▶ **Activity**:
Type out the lines below exactly, from the first through the line holding "A collection of", and include no pictures.

▶ **Material for this task**:
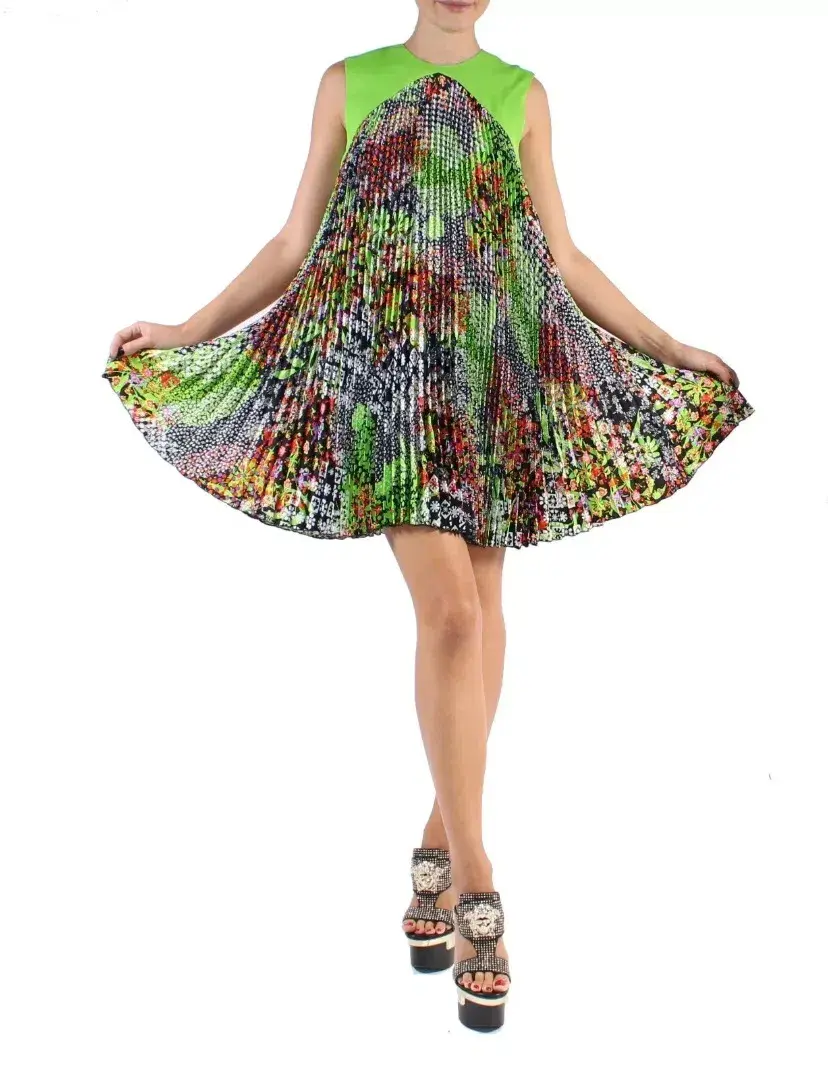Versace Green Multicolor Plisse Tent Mini Dress Sleeveless Made in Italy Size 38 - Image 1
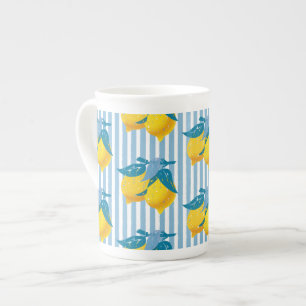 Tasse En Porcelaine Citrons jaunes d'Amalfi de style méditerranéen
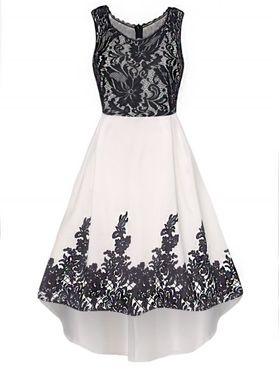 Floral Lace Panel A Line Midi Party Dress Printed High Waist Sleeveless Scalloped Semi Formal Dress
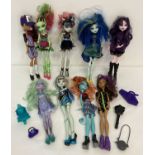 A collection of 9 Monster High dolls by Mattel with a small selection of accessories.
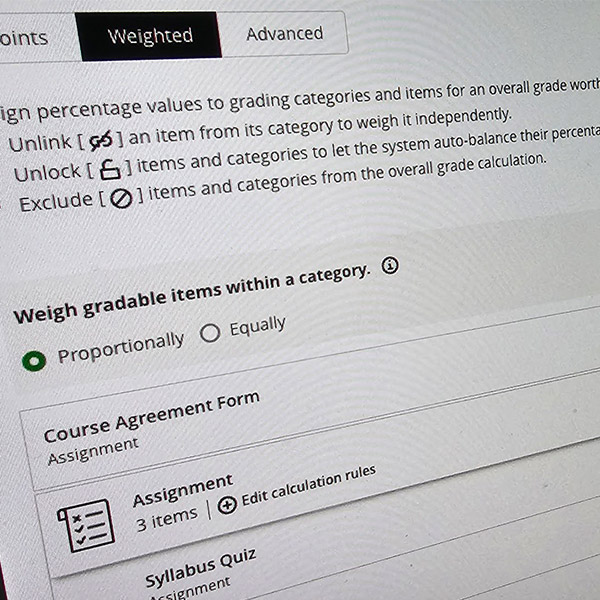 A close-up, angled shot of a computer screen showing a learning management system's grading interface.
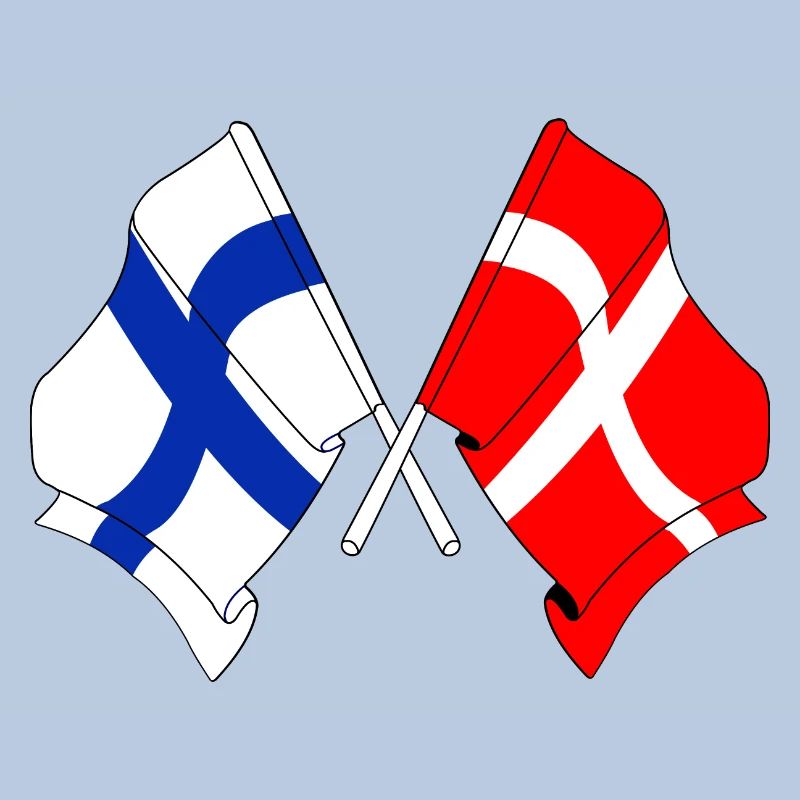 Drapeau Finlande, drapeau Danemark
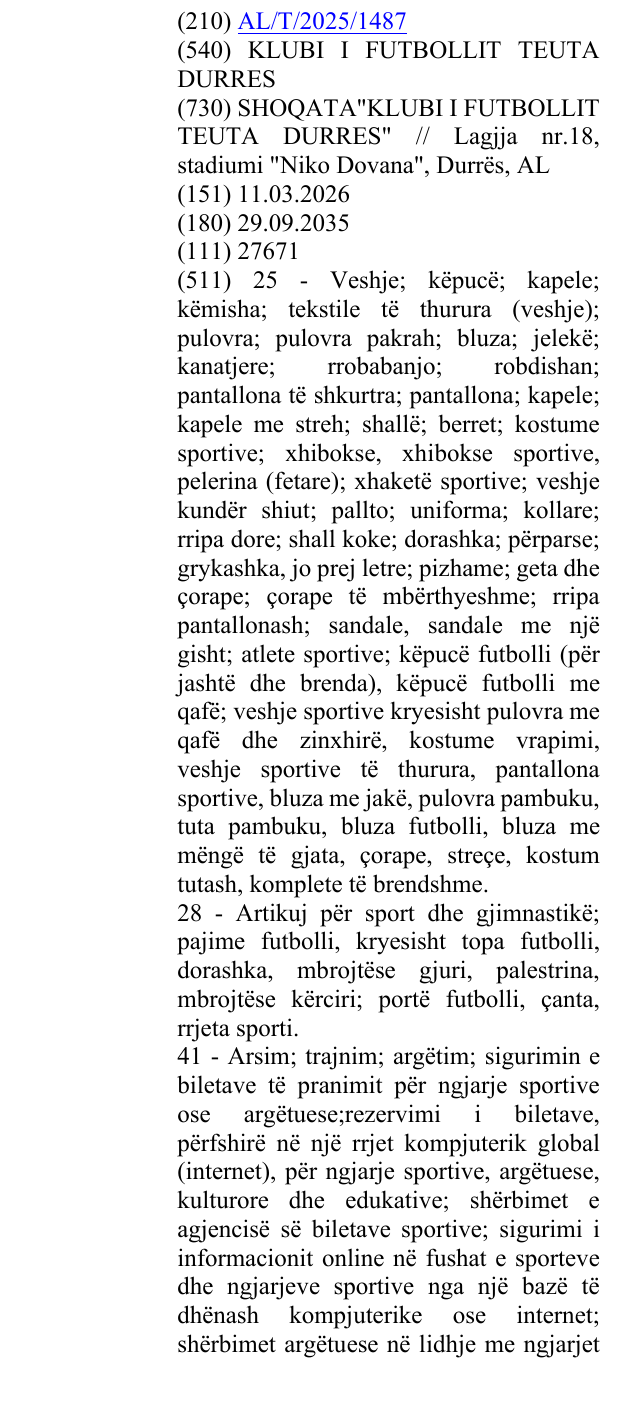Zëri i markës KLUBI I FUTBOLLIT TEUTA DURRES në buletin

▶ **Your solution**:
Versace Green Multicolor Plisse Tent Mini Dress Sleeveless Made in Italy Size 38 - Image 1
 Tasse En Porcelaine Citrons jaunes d'Amalfi de style méditerranéen
 Floral Lace Panel A Line Midi Party Dress Printed High Waist Sleeveless Scalloped Semi Formal Dress
 A collection of 9 Monster High dolls by Mattel with a small selection of accessories.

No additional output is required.